Current Exhibit
Fall 2025 Show at The Lodge
When: September 11 - December 2, 2025
Where: The Lodge at Woodloch
Artists: Marie Cole + Len Stokes
Artists bio
M A R I E C O L E
Has shown here with us at the Lodge Gallery numerous times over the last eighteen years. The artist exhibits with galleries throughout the East coast and participates in the Art Studio Views open studio tour at her home and art studio housed in a renovated warehouse in Germantown on the Hudson River. Born in Southern New Jersey, Marie moved to New York City after high school, and then to the Hudson Valley in 1963. The artist earned a BA at Vassar College where she studied art and taught at Dutchess Community College for several years before becoming a full time painter. Classes at the Woodstock School of Art inspired her creativity, expanding her work into printmaking with Kate McGloughlin. Eric Aho influenced her work through workshops in Italy, Canada and Vermont. Travels through the United States, Europe, Mexico, Scotland and South Africa also serve as an ongoing source of stimulation. The artist paintings build on experiences observing seas, rivers, mountains, marshes and farmland. Water and weather and the interplay of dramatic light are two constant and significant themes.

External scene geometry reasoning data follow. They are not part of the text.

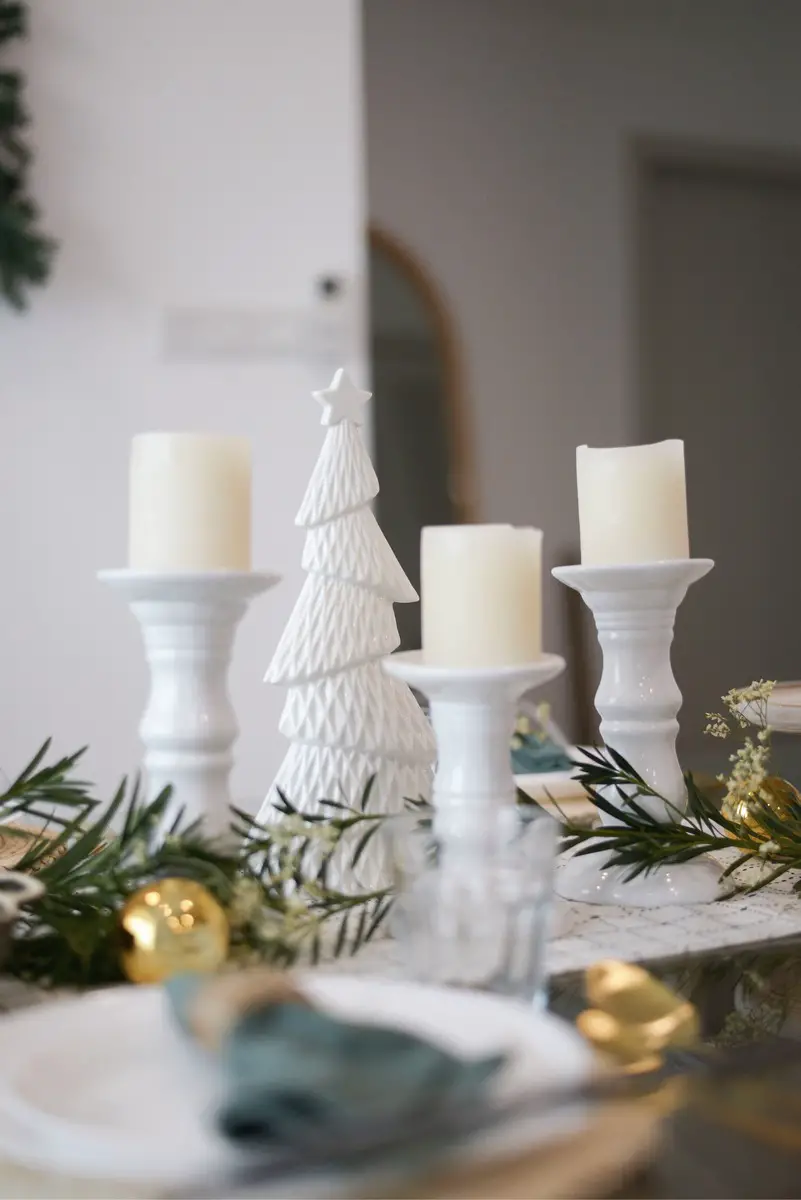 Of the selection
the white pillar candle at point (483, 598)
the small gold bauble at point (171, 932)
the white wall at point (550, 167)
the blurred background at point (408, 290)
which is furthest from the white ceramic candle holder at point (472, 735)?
the white wall at point (550, 167)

“The windows of my studio face the Hudson River and Catskill Mountains. Storms that come down the river are incredibly intense – rain comes down in sheets, and thunder and lightning roll across the mountains. In winter, ice forms and cracks and shifts on the river and snow blankets everything in white. The chilly weather of fall and winter are especially exciting times of year to paint and a challenge to see how much color can be found in the landscape. Summer and fall months provide brilliant, intense color. The process of painting is important to me, I love the paint, thick or thin, the viscosity, piled up in layers or scraped down to the canvas, creating texture or smoothness. Paint creates light and shadow, yet if you look closely, it is still just paint”.
L E O N A R D S T O K E S
attended Yale University as an undergraduate. His classes were conducted under the faculty assembled by Josef Albers during his tenure there. Chief among the extraordinary educators were Sewell Stillman, Erwin Hauert and Neil Welliver. The artist says that those years marked the moment when he first began to see, and when the centrality of perception, color and form became deeply ingrained. While he remained at Yale for graduate studies in painting, Stokes also realized that teaching was an art and noble calling. In the 1970s, early in his professional career, he abandoned painting and embraced paper collage. After working with paper collages, by 1996,Stokes began to compose by means of computer. He now works exclusively by digital montage.The artist has had numerous one-person exhibits in New York City galleries, such as Cordier & Ekstrom Gallery. He has also shown in Beacon with Kiesendahl + Calhoun, in Katonah and Purchase, NY, in Dallas, Texas and Philadeplhia, Pa. He has participated in many two person and group exhibitions all over the USA. Stokes’s work can be found in both corporate and public collections — the Newark Museum, The Newberger Museum, The Reader’s Digest, and IBM to name a few. His teaching career included Professor Emeritus at Purchase College (SUNY) School of Art and Design, visiting professor and chair at the University of Pennsylvania 1990-1993, the Lacoste School of the Arts, Lacoste, France, The Cooper Union and Yale University. “…I’ve come to think of the most recent work as fauxtographs, compositions that appear at first to be pictures taken of objects arranged on a ground plane before being captured by a lens. Rather, they are composed of objects that have never been in the same place at the same time until I and the software worked our will upon them…”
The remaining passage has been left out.